First, though, let's install all of our dependencies and compile WriteFreely. To do that, we first need to do a little bit of house-keeping. Go will install binaries into
~/go/bin, and we need to make sure that those binaries are available to run by adding them to our PATH. We'll also modify
.bashrc so that we don't have to remember to do this every time we log in:
$ export PATH=$PATH:~/go/bin $ echo 'export PATH=$PATH:~/go/bin' >> ~/.bashrc
We can then install our dependencies and compile WriteFreely:
$ export GO111MODULE=on # Save ourselves some time next time we login $ echo 'export GO111MODULE=on' >> ~/.bashrc $ make build
This will take a couple of minutes. (
GO111MODULE=on is required to be set, and we also add it to our .bashrc so we don't have to remember this every time.)
Once this is complete, we're ready to configure our development WriteFreely instance by running:
$ make install
This is going to prompt you with a few questions. The important answers are:
- Environment: “Development”
- Database driver: “SQLite”
- Public URL:
http://<IP ADDRESS>:8080, replacing
<IP ADDRESS>with the VM's IP address you made a note of earlier
Other than those, you can just accept the defaults. (Of course, make sure you remember your username/password, you'll need them to log in to your development site once it's running.)
We're very, very close to having a running site!

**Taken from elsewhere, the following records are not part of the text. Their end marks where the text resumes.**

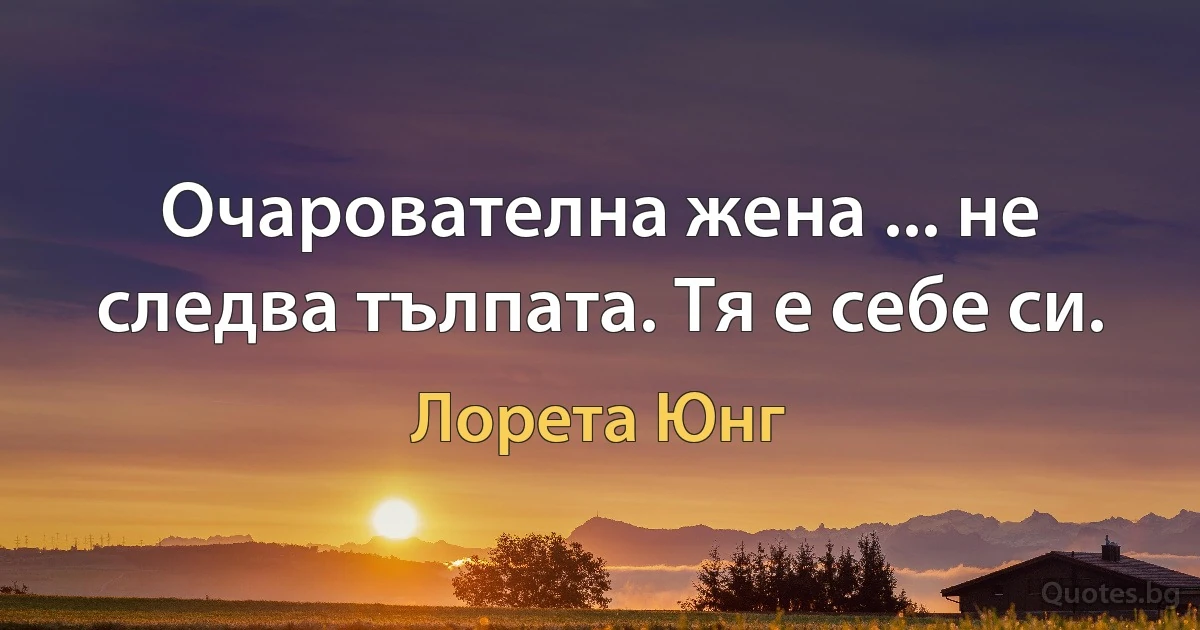 Очарователна жена ... не следва тълпата. Тя е себе си. (Лорета Юнг)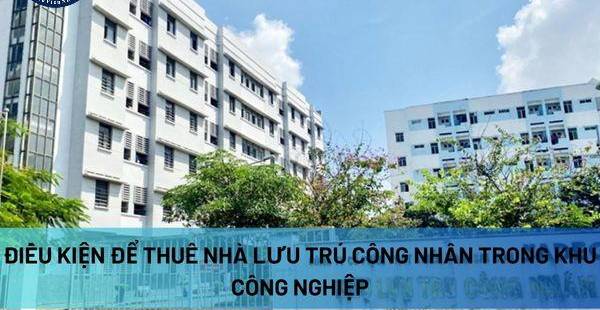 Điều Kiện Thuê & An Toàn Nhà Lưu Trú Công Nhân Khu Công Nghiệp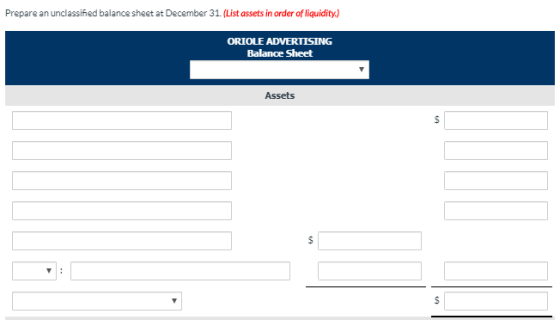 Prepare an unclassified balance sheet at December 31. (List assets in order of liquidity.) ORIOLE ADVERTISING Balance Sheet A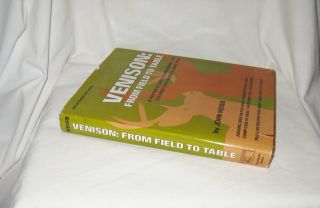 Venison From Field to Table by John Weiss (1984, Hardcover)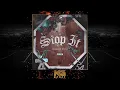 Lagu RJ x Joe Moses - Stop It [Prod. By DJ Mustard] [New 2018]
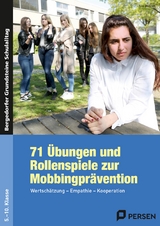 71 &Uuml;bungen und Rollenspiele zur Mobbingpr&auml;vention - Tilo Benner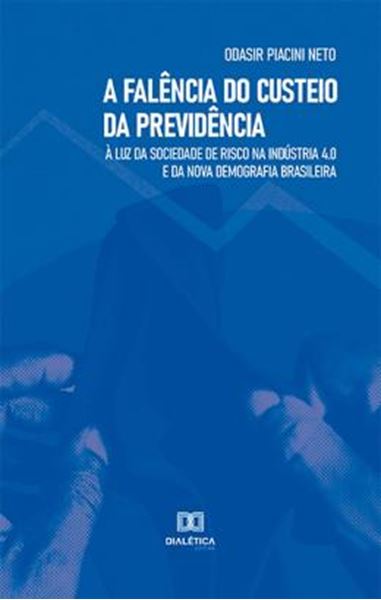 Picture of FALENCIA DO CUSTEIO DA PREVIDENCIA, A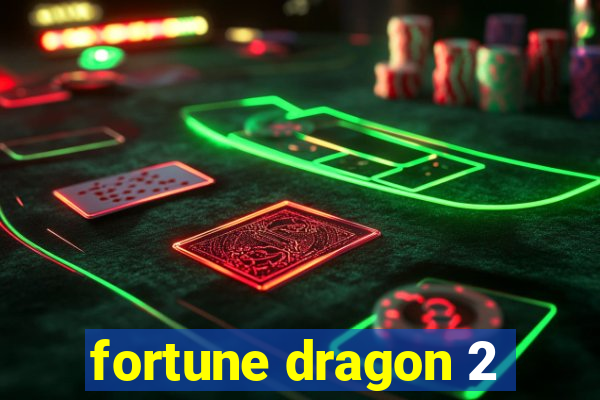 fortune dragon 2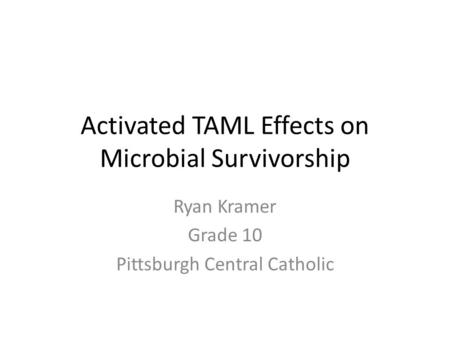 Activated TAML Effects on Microbial Survivorship Ryan Kramer Grade 10 Pittsburgh Central Catholic.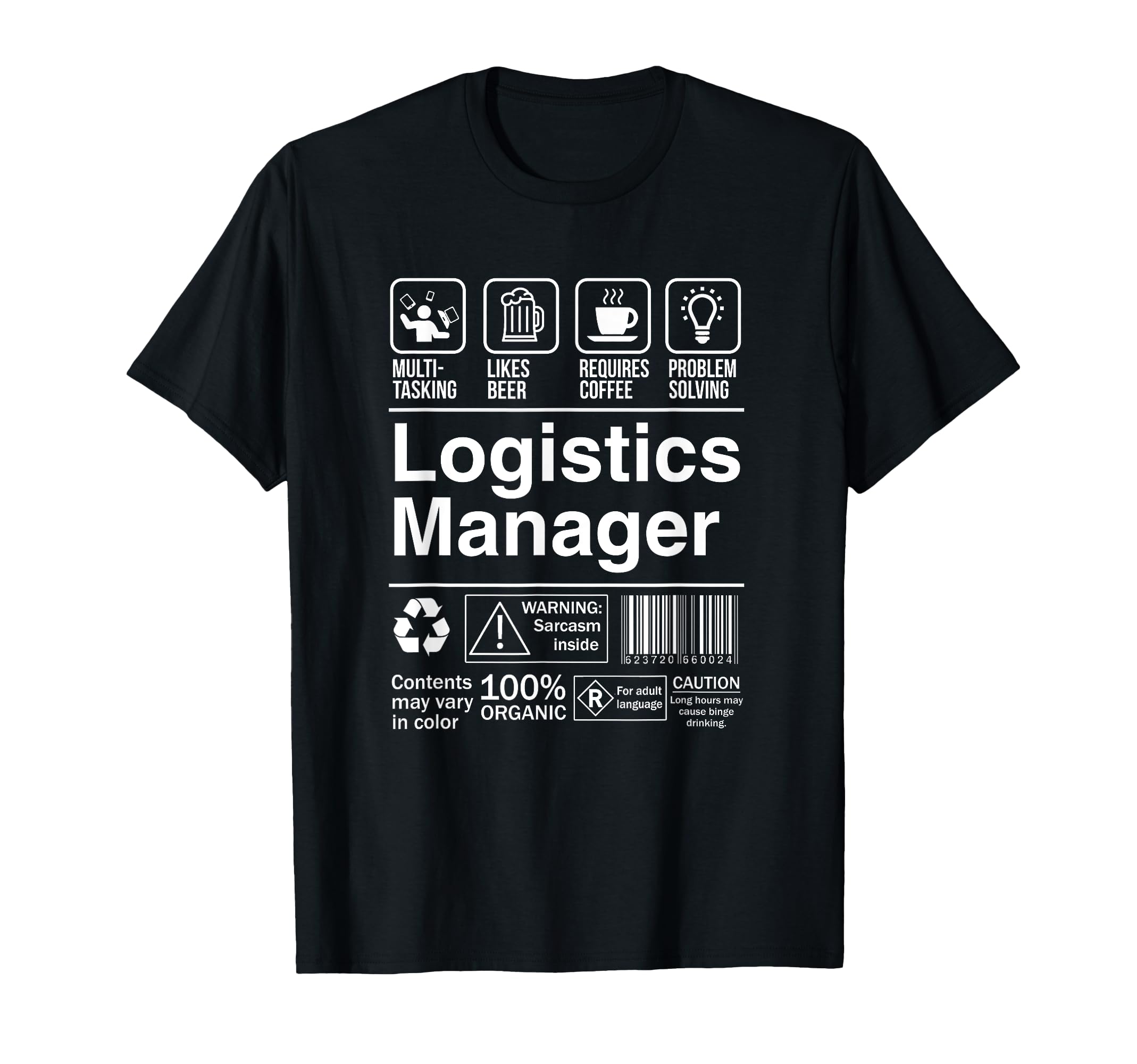 Logistics Manager Funny Description Label T-Shirt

The last change we need to make is to configure the development server to accept connections from our host. (The default configuration will only accept connections from the machine that it's running on, which is a very sensible default if you're running this on your host directly, but doesn't work for us.)
To do this, open up
config.ini in your editor of choice (in or out of the VM, either should work fine) and change the
bind value to “0.0.0.0”. After editing, that line should look like this:
bind = 0.0.0.0
And now, finally, in our VM, we can start the development server:
$ make run
This will print out a bunch of logging with the line
Serving on http://0.0.0.0:8080 towards the end. Once you see that, you should be able to browse to the Public URL you configured before (
http://<IP ADDRESS>:8080, remember?) and see your development instance!
Log in using the username/password you configured during
make install and start making WriteFreely even better!